Het oordeel van de rechtbank dat het onderzoek van Uwv zorgvuldig is geweest wordt onderschreven. Zowel de primaire verzekeringsarts als de verzekeringsarts bezwaar en beroep hebben appellante zelf onderzocht. Ook is er kennis genomen van de informatie van de behandeld sector. Er is sprake van diverse klachten, te weten psychische klachten (verband houdende met verslavingsproblematiek), longklachten, en nek- en rugklachten. Deze klachten hebben geleid tot het opnemen van beperkingen in alle rubrieken van de FML. In de bezwaarfase zijn deze beperkingen nog aangescherpt door de verzekeringsarts bezwaar en beroep.
4.2.
De door appellante ingebrachte medische gegevens kunnen niet leiden tot het oordeel dat het Uwv de beperkingen van appellante zou hebben onderschat. Het gestelde in de brief van de behandelend psycholoog van De Ommekeer van 11 december 2012, dat appellante geen betaald werk kan verrichten, en in de brief van de huisarts van 7 december 2012, dat appellante fulltime werk niet aankan, is daartoe onvoldoende. Voorst heeft de rechtbank terecht overwogen dat het belastbaarheidsadvies van Annex B.V. van 28 februari 2013 in een ander kader is opgemaakt dan ten behoeve van de uitvoering van de Wet WIA, zodat ook daaraan niet die betekenis kan worden gehecht die appellante daaraan gehecht wil zien. Over de stelling van appellante, dat er eerst behandeling nodig is alvorens zij in staat is tot het verrichten van werkzaamheden, wordt overwogen dat appellante blijkbaar uit eigen keuze een intramurale behandeling voortijdig heeft afgebroken, en een geadviseerde andere intramurale behandeling niet heeft geaccepteerd.
4.3.
Uitgaande van de in de FML van 5 maart 2013 opgenomen beperkingen is in het rapport van de arbeidsdeskundige bezwaar en beroep van 6 maart 2013 voldoende onderbouwd en gemotiveerd dat appellante in staat moet worden geacht de geselecteerde functies (produktiemedewerker industrie, samensteller kunststof en rubberindustrie, inpakker, en doktersassistente) te verrichten.
4.4.
Het hoger beroep slaagt niet en de aangevallen uitspraak dient te worden bevestigd.

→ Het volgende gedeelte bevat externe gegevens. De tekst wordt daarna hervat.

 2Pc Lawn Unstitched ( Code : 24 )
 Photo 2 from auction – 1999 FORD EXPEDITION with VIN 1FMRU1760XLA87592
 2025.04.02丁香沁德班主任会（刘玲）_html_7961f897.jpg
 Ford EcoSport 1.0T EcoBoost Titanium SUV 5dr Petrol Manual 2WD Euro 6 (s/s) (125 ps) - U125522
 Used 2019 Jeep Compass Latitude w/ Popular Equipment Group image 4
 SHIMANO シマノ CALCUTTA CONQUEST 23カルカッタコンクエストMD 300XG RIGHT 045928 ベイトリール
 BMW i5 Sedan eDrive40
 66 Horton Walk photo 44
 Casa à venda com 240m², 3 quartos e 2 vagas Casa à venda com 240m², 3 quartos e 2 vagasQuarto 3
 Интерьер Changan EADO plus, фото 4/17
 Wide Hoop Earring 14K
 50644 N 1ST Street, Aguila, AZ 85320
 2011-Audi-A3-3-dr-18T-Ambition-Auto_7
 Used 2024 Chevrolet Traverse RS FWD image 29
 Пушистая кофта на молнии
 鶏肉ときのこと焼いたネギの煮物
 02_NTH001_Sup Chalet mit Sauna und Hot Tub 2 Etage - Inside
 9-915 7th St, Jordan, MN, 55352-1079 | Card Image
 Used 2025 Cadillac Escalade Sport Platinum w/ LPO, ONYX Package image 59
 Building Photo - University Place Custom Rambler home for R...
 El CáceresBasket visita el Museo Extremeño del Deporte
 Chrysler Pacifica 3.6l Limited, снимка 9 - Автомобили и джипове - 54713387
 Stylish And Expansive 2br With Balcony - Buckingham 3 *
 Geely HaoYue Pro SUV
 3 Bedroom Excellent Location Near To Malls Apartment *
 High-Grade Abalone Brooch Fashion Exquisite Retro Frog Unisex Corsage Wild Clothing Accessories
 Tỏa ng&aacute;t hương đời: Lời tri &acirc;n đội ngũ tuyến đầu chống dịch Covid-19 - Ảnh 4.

5. Voor een proceskostenveroordeling is geen aanleiding.

BESLISSING

De Centrale Raad van Beroep bevestigt de aangevallen uitspraak.
Deze uitspraak is gedaan door M. Greebe als voorzitter en C.C.W. Lange en E.W. Akkerman als leden, in tegenwoordigheid van R.L. Rijnen als griffier. De beslissing is uitgesproken in het openbaar op 9 maart 2016.